Risk aversion also caused the sterling to decline by 0.53% to $1.222. This happened despite information indicating that the British economy was poised to expand in the first quarter and that confidence was rising.
Retail sales in the UK unexpectedly increased in February, and businesses reported a second month of growth in March, suggesting the economy expanded in the first quarter.
The pound hit a seven-week high on Thursday after the Bank of England raised rates by 25 basis points to 4.25%. The bank also predicted that inflation would subside quickly, fueling rumors that it had stopped raising rates.
OCBC’s currency analyst Christopher Wong said the FX market indicated a period of risk aversion with safe-haven currencies, gold, and the yen rising. However, the Japanese yen only gained 0.08% against the dollar, closing at 130.73.

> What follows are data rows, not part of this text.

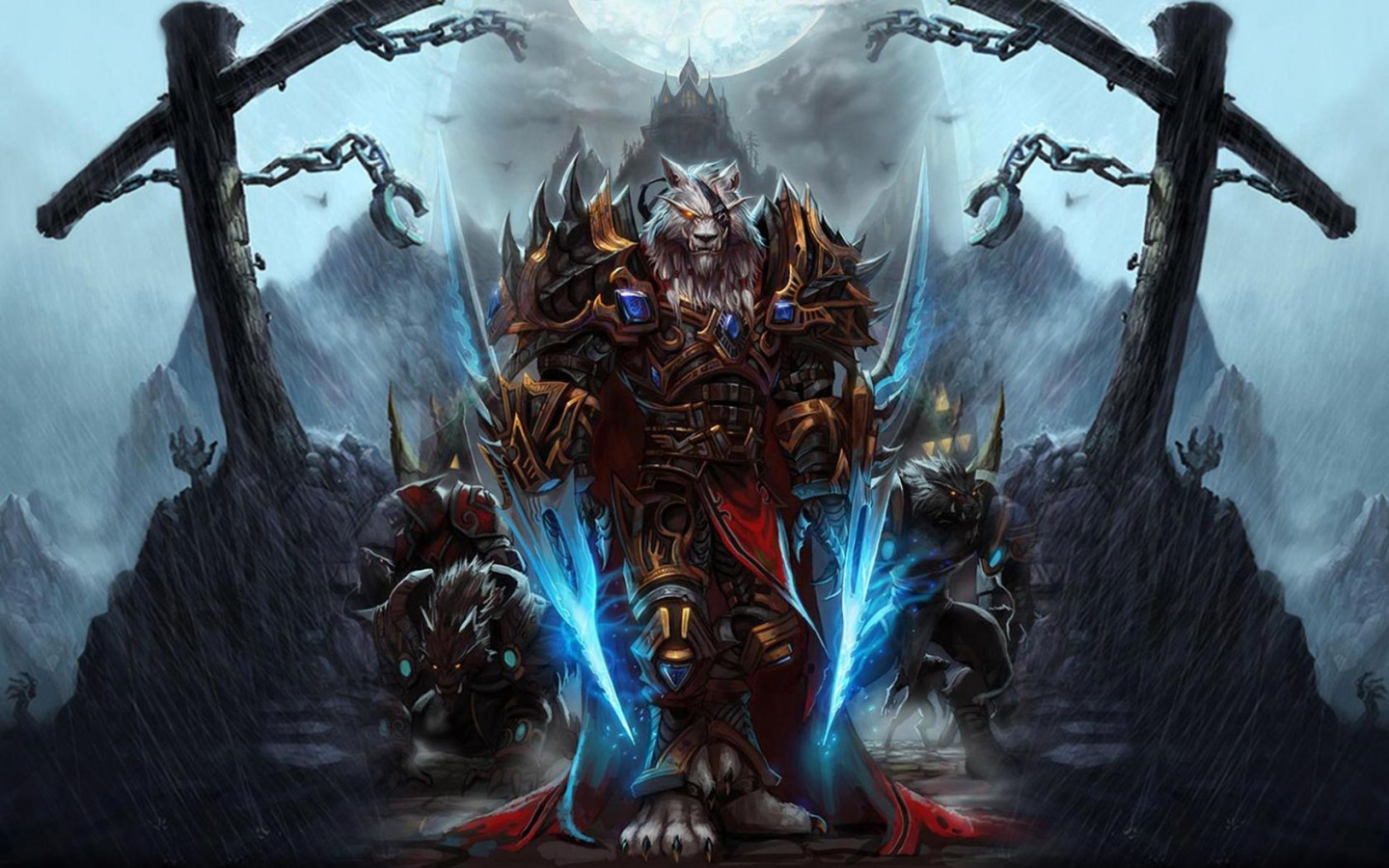 Name HD World Of Warcraft Wallpaper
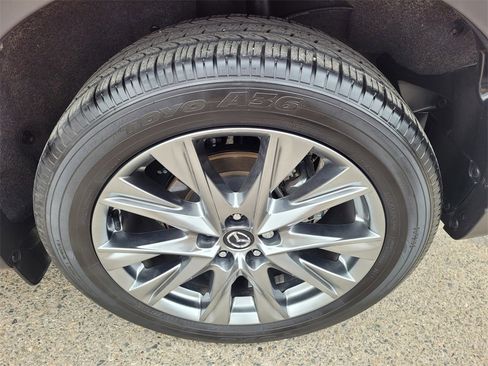 Used 2021 MAZDA CX-5 Signature image 26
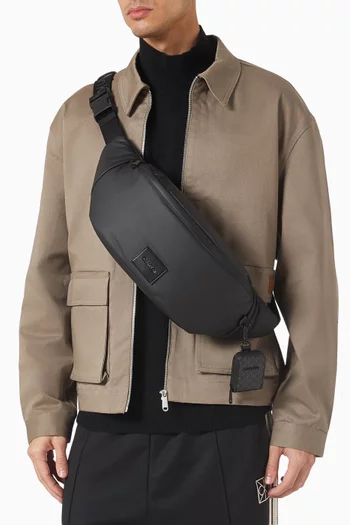 Puffer Utility Belt Bag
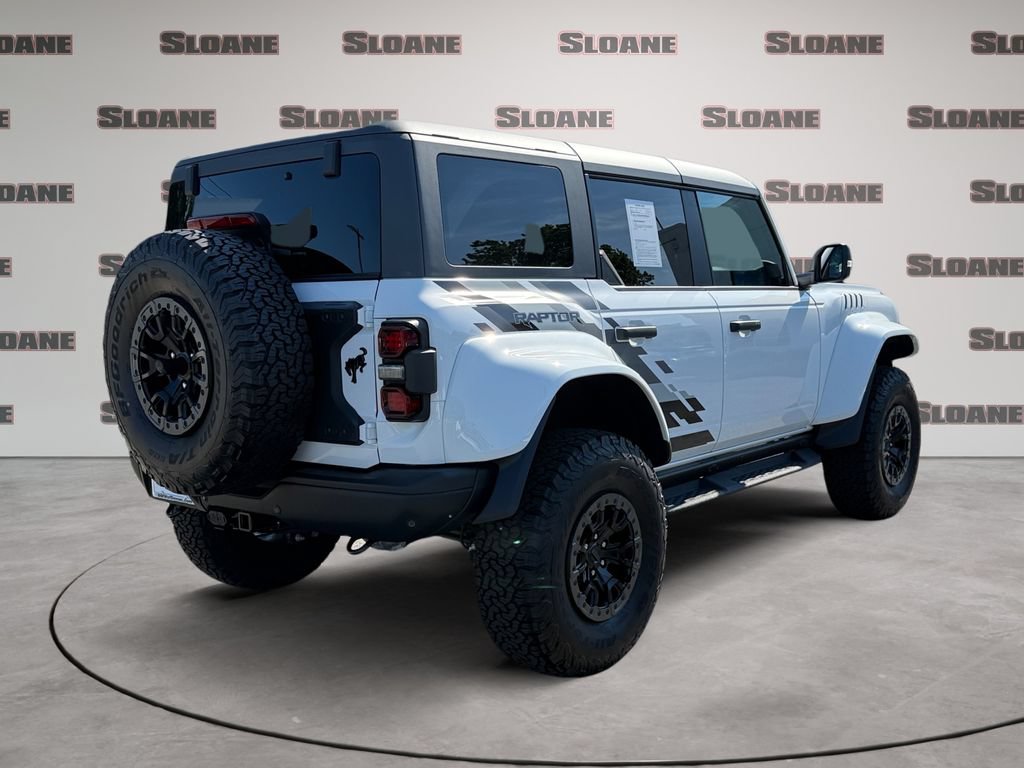 Used 2024 Ford Bronco Raptor AWD/4WD image 5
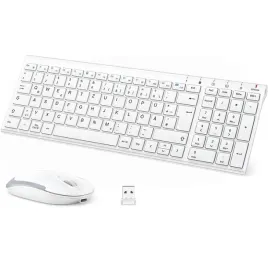 iclever-bk10-klawiatura-bluetooth-z-3-kanalami-biala-ergonomiczna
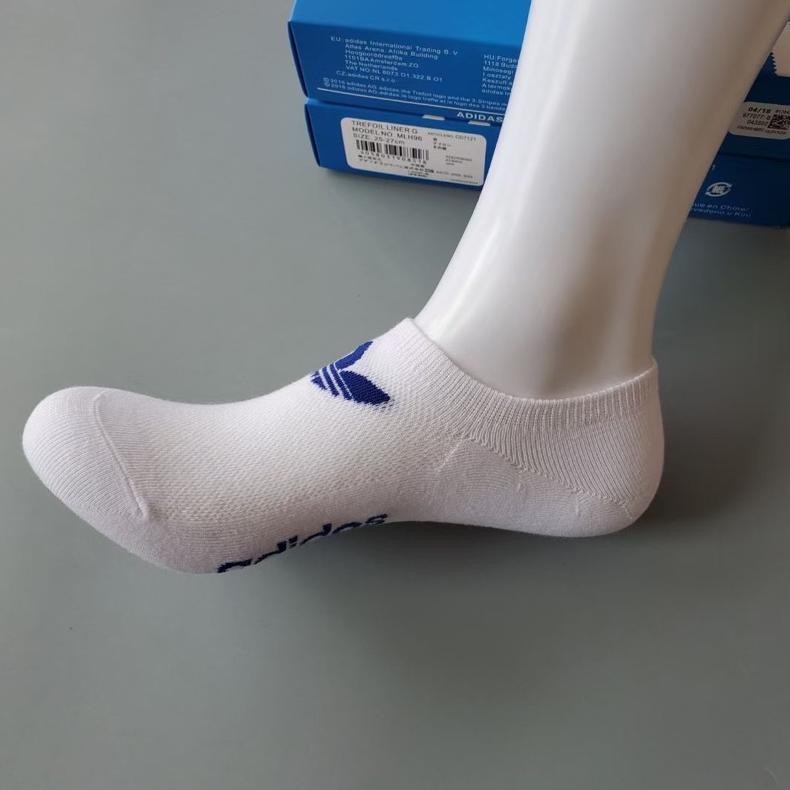 Sale [Bisa Cod ] Kaos Kaki Adidas Pendek Low Kaos Kaki Mata Kaki Adidas / Adidas Socks / Kaos Kaki A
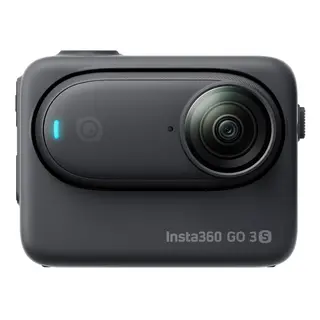Insta360 GO 3S SE Midnight Black 64GB 64GB. Sort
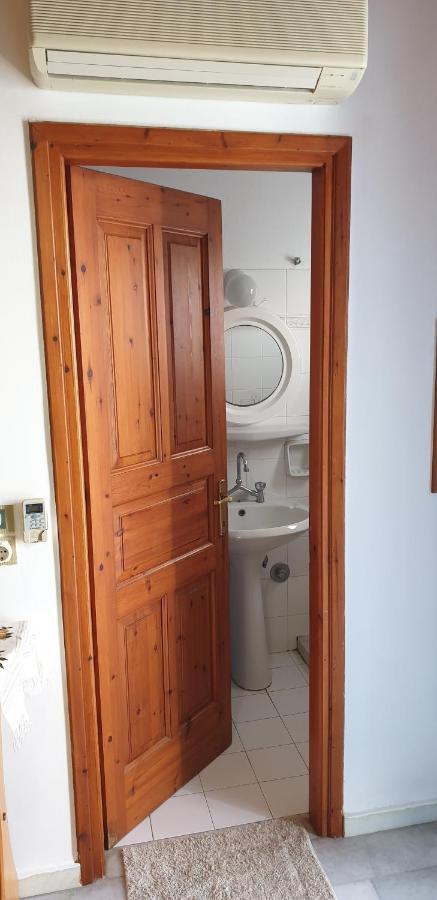 Evi Studios & Apartments Naxos City ภายนอก รูปภาพ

The Fed boosted rates by 25 basis points on Wednesday, in line with expectations. However, the Fed adopted a cautious approach to the forecast because of recent instability in the financial industry.
To calm investor concerns, US Treasury Secretary Janet Yellen reaffirmed she was ready to take additional measures to guarantee that American bank accounts remained secure.
The Canadian dollar fell to a nine-day low versus the American currency on Friday before recovering much of its loss. Investors examined data indicating that some important areas of Canada’s economy declined in February.
Due to the banking turmoil, markets expect major central banks, including the Bank of Canada, to switch to lowering interest rates this year. The likelihood that the central bank will cut rates at its upcoming policy meeting on April 12 is around 40%.
Market participants will pay particular attention to this week’s PCE price index release, scheduled for March 31.